Fairness as between the person and other persons in a similar position

  1. Neither party drew to my attention any other person with whom the relevant comparison regarding the application of consistent principles in cases of a like kind could be made[9]. I regard this as a neutral consideration.

Conclusion

  1. The meaning of ‘exceptional circumstances’ was considered in Nulty v. Blue Star Group Pty Ltd[10]. There the Bench said that in order to be exceptional, the circumstances must be out of the ordinary course, or unusual, or special, or uncommon, although they need not be unique or unprecedented. It is accepted that exceptional circumstances can include a single exceptional matter, a combination of exceptional factors, or a combination of ordinary factors which, although individually of no particular significance, when taken together, can be considered exceptional.

  1. In Stogiannidis v. Victorian Frozen Foods Distributors Pty Ltd[11], the Full Bench said the assessment of whether exceptional circumstances exist requires a consideration of all the relevant circumstances.

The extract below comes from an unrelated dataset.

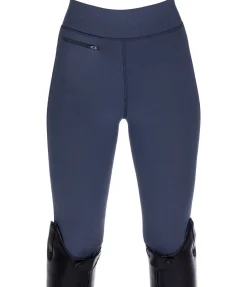 Equilibre Legging d'équitation à basanes grip enfant Casey denim foncé Hot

No one factor (such as the reason for the delay) need be found to be exceptional in order to enliven the discretion to extend time.  This is so because even though no one factor may be exceptional, in combination with other factors the circumstances may be such as to be regarded as exceptional[12].

  1. Having considered each of the matters referred to in s.394(3), I am not satisfied that there are exceptional circumstances justifying an extension of time in this case.

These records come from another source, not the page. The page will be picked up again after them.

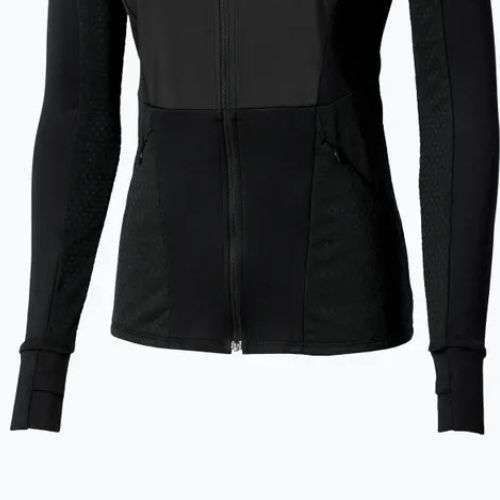 Női futó dzseki Mizuno Active Warm Hybrid Full Zip kapucnis dzseki fekete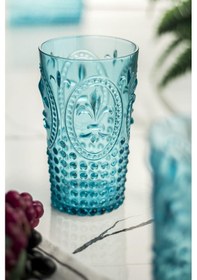 Resim Akrilik Aquamarin Tekli Uzun Bardak & Su Meşrubat Bardağı 750 Ml Büyük Boy & Cam Değildir Diğer 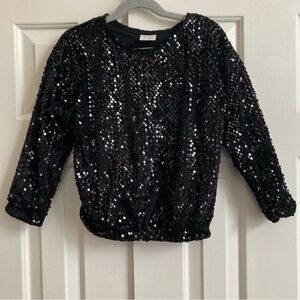 Black Sequin Top
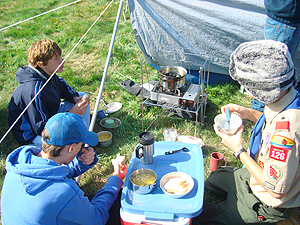 Senior Patrol Cooking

  1. The application is dismissed. 


DEPUTY PRESIDENT

Appearances:

Mr Meidi Bouzerar on his own behalf.
Ms Nancy Nguyen for the Respondent.

Hearing details:

2:00pm AEST Friday 13 September 2024 by Video Link using Microsoft Teams.


[1] Long v Keolis Downer[2018] FWCFB 4109 at [40]

[2] Shaw v Australia and New Zealand Banking Group Limited t/a ANZ Bank[2015] FWCFB 287 at [12], and see Diotti v Lenswood Cold Stores Co-op Society t/a Lenswood Organic [2016] FWCFB 349 at [29]-[31].

[3] [2020] FWC 5075.

[4] At [13].

[5] Brodie-Hanns v MTV Publishing Ltd (1995) 67 IR 298.

[6] Nulty v Blue Star Group Pty Ltd[2011] FWAFB 975, [36]

[7] See s.389(1) of the Act and clause 25 of the Award.

[8] See s.389(2).

[9] Perry v. Rio Tinto Shipping Pty Ltd[2016] FWCFB 6963 at [41].

[10] [2011] FWAFB 975 at [13].

[11] [2018] FWCFB 901.

[12] Ibid at [17].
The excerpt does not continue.